Altering the characteristics of the skin by using chemicals called penetration enhancers is one of the promising ways to breach the skin's barrier to drugs. In this work, several potential enhancers, menthone, 1-dodecyl-2-pyrrolidinone, 2-methyl-3-oxazolidinone, 1-methyl-2-pyrrolidone, nonanol, decanol, oleic acid and lauric acid, containing different functional groups were tested for their enhancement effect on three different classes of drugs viz. strongly hydrophilic insulin (Log Kow=-1.76), weakly hydrophobic melatonin (Log Kow=1.20) and strongly hydrophobic lidocaine (Log Kow=2.49). Initially, the experimental procedure was validated using permeability measurements of melatonin in the presence of four known CPEs with porcine skin, Franz Cell, and HPLC and using a similar procedure the permeabilities of the remaining drugs in the presence of CPEs is measured.

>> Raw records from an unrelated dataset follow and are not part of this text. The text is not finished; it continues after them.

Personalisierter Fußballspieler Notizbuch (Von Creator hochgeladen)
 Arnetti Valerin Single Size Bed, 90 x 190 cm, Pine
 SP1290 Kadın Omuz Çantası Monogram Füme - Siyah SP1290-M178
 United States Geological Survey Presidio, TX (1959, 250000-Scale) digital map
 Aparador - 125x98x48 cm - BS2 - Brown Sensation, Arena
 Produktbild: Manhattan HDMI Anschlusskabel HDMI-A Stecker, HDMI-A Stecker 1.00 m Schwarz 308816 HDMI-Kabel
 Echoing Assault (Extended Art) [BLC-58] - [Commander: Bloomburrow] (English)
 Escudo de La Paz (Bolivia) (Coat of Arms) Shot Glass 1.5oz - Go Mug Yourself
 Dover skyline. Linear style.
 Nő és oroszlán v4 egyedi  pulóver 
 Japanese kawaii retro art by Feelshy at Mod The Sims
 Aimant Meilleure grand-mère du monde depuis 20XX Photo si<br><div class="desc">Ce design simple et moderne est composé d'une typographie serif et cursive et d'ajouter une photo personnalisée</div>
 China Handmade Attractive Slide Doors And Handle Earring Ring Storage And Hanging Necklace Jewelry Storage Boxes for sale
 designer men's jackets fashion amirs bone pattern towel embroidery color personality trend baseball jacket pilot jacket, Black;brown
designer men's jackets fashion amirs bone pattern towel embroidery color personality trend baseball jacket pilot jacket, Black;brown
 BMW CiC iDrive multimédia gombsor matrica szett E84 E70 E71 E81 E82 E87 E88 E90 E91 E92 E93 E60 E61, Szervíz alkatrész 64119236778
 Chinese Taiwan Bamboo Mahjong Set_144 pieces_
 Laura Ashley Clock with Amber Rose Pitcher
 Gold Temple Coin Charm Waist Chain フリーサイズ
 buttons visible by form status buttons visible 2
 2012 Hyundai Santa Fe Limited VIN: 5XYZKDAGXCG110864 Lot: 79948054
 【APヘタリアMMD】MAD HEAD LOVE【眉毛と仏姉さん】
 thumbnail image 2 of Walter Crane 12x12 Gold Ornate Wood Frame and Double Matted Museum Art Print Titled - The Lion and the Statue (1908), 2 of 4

Further, three different characteristics of each CPE are measured: (i) The concentration of the CPE at the site of action, (ii) the permeability of the CPE alone through the skin and (iii) the toxic effect of the CPE on (a) Human Foreskin Fibroblasts (HFFs) using MTT assay at concentrations of three different orders of magnitude, and on (b) porcine abdominal skin by histology using H/E staining at the end of a 48-hour exposure period.

Our results suggest that (a) for a molecule to be a CPE, it has to be sufficiently hydrophobic and contain at least one hydrogen donating or accepting functional group; and (b) hydrophilic drugs respond better to CPE treatment than hydrophobic drugs. Further, the toxicity studies reveal that even though the cellular level toxicity studies are less laborious, they cannot be relied upon as a final conclusive indicator of the CPE's toxicity when compared to the more laborious but more accurate histological analysis.